Un silence qui fait polémique
Pourtant, à la surprise générale, le gouvernement a choisi de ne pas répondre à cette interpellation citoyenne, pourtant arrivée en tête des votes. À la place, les ministres ont apporté des réponses à d’autres questions… qui n’avaient recueilli que 3 à 6 votes.
Cette décision a provoqué une vague d’indignation. De nombreux internautes, dénonçant un déni de démocratie participative, ont écrit à l’équipe d’Agora pour exprimer leur colère. Beaucoup y voient une remise en cause du principe même de l’application, censée donner une voix directe aux citoyens.
La réaction du collectif Défendre les enfants
Le collectif Défendre les enfants, à l’initiative de la PPL 819, a rapidement pris la parole. Comprenant le désarroi des militants et des citoyens mobilisés, il a réaffirmé son soutien et invite le gouvernement à répondre dans les plus brefs délais à cette question jugée cruciale pour l’avenir des familles séparées et des enfants concernés.
Pour le collectif, ce silence ne fait que renforcer le sentiment d’un manque de considération politique envers un sujet de société pourtant majeur, qui touche directement des centaines de milliers de familles en France.
Entre innovation démocratique et désillusion citoyenne
Avec YouTube et Agora, François Bayrou avait l’ambition de bâtir un nouveau pont entre gouvernants et gouvernés.
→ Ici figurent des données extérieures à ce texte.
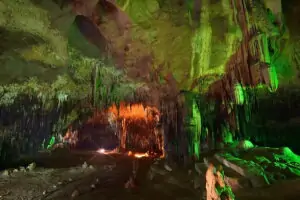 Visit Tham Khao Bin cave on a tour from Bangkok ✅. The cave is separated in eight rooms with impressive stalactite and stalagmite formations.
Mais l’épisode de la question sur la résidence alternée révèle les limites de cet exercice : comment convaincre les citoyens de participer si les questions les plus votées restent sans réponse ?
Ce paradoxe interroge l’avenir de ces plateformes de participation, censées renforcer la démocratie mais qui, mal utilisées, risquent de nourrir encore davantage la défiance citoyenne.